Data set class for the CAMELS GB dataset by [1].

Parameters:
  • cfg (Config) – The run configuration.

  • is_train (bool) – Defines if the dataset is used for training or evaluating. If True (training), means/stds for each feature are computed and stored to the run directory. If one-hot encoding is used, the mapping for the one-hot encoding is created and also stored to disk. If False, a scaler input is expected and similarly the id_to_int input if one-hot encoding is used.

  • period ({'train', 'validation', 'test'}) – Defines the period for which the data will be loaded

  • basin (str, optional) – If passed, the data for only this basin will be loaded. Otherwise the basin(s) are read from the appropriate basin file, corresponding to the period.

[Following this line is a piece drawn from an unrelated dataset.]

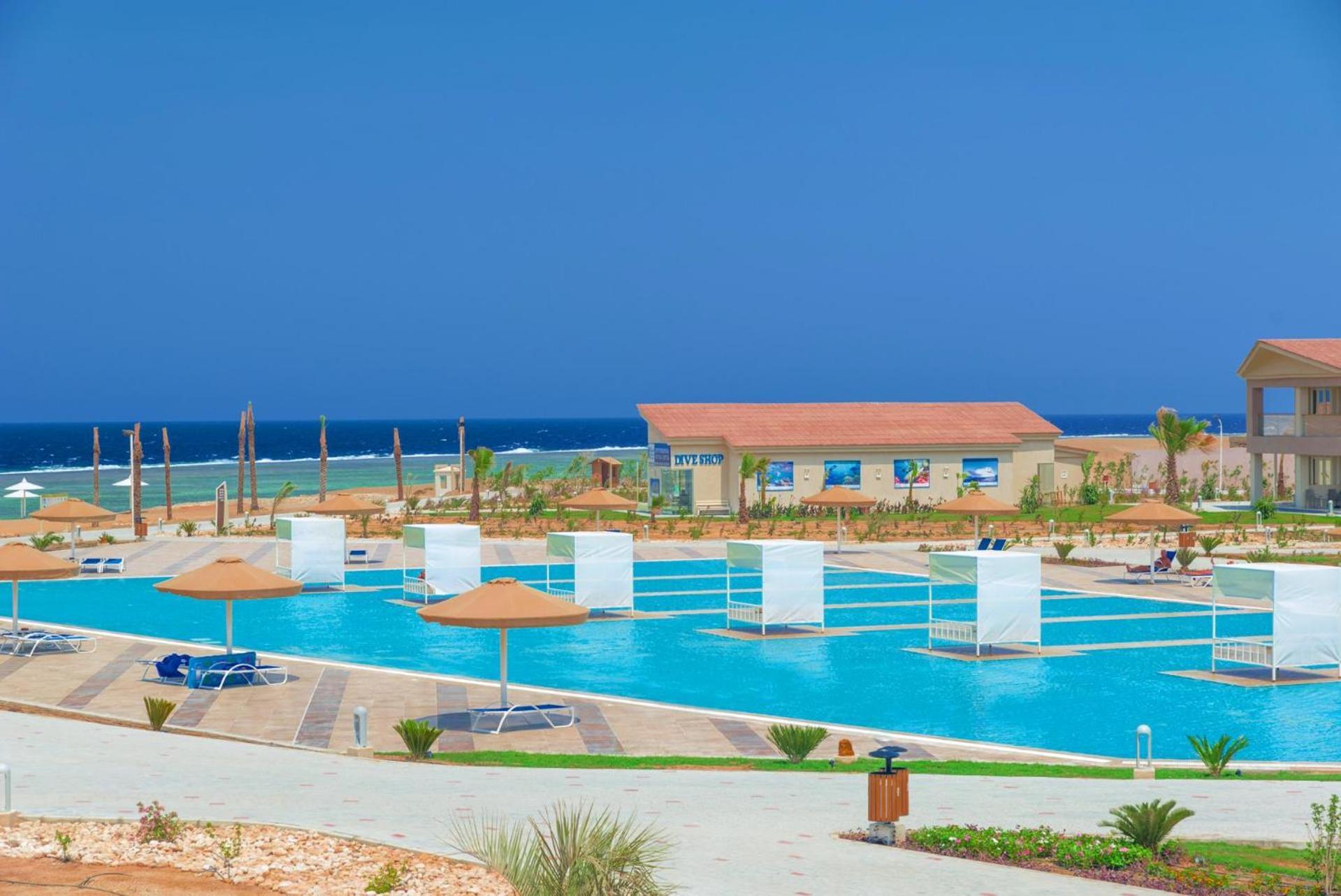 Pickalbatros Sea World Resort - Marsa Alam- "Aqua Park" El Qoseir Exterior photo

  • additional_features (List[Dict[str, pd.DataFrame]], optional) – List of dictionaries, mapping from a basin id to a pandas DataFrame. This DataFrame will be added to the data loaded from the dataset, and all columns are available as ‘dynamic_inputs’, ‘evolving_attributes’ and ‘target_variables’

  • id_to_int (Dict[str, int], optional) – If the config argument ‘use_basin_id_encoding’ is True in the config and period is either ‘validation’ or ‘test’, this input is required. It is a dictionary, mapping from basin id to an integer (the one-hot encoding).

  • scaler (Dict[str, Union[pd.Series, xarray.DataArray]], optional) – If period is either ‘validation’ or ‘test’, this input is required. It contains the centering and scaling for each feature and is stored to the run directory during training (train_data/train_data_scaler.yml).

References

neuralhydrology.datasetzoo.camelsgb.load_camels_gb_attributes(data_dir: Path, basins: List[str] = []) pandas.DataFrame

Load CAMELS GB attributes from the dataset provided by [2]

Parameters:
  • data_dir (Path) – Path to the CAMELS GB directory. This folder must contain an ‘attributes’ folder containing the corresponding csv files for each attribute group (ending with _attributes.csv).

  • basins (List[str], optional) – If passed, return only attributes for the basins specified in this list. Otherwise, the attributes of all basins are returned.

Returns:

Basin-indexed DataFrame, containing the attributes as columns.

Return type:

pd.DataFrame

Raises:

FileNotFoundError – If no subfolder called ‘attributes’ exists within the root directory of the CAMELS GB data set.

References

neuralhydrology.datasetzoo.camelsgb.load_camels_gb_timeseries(data_dir: Path, basin: str) pandas.DataFrame

Load the time series data for one basin of the CAMELS GB data set.

Parameters:
  • data_dir (Path) – Path to the CAMELS GB directory. This folder must contain a folder called ‘timeseries’ containing the forcing files for each basin as .csv file. The file names have to start with ‘CAMELS_GB_hydromet_timeseries’.

  • basin (str) – Basin identifier number as string.

Returns:

Time-indexed DataFrame, containing the time series data (forcings + discharge) data.

Return type:

pd.DataFrame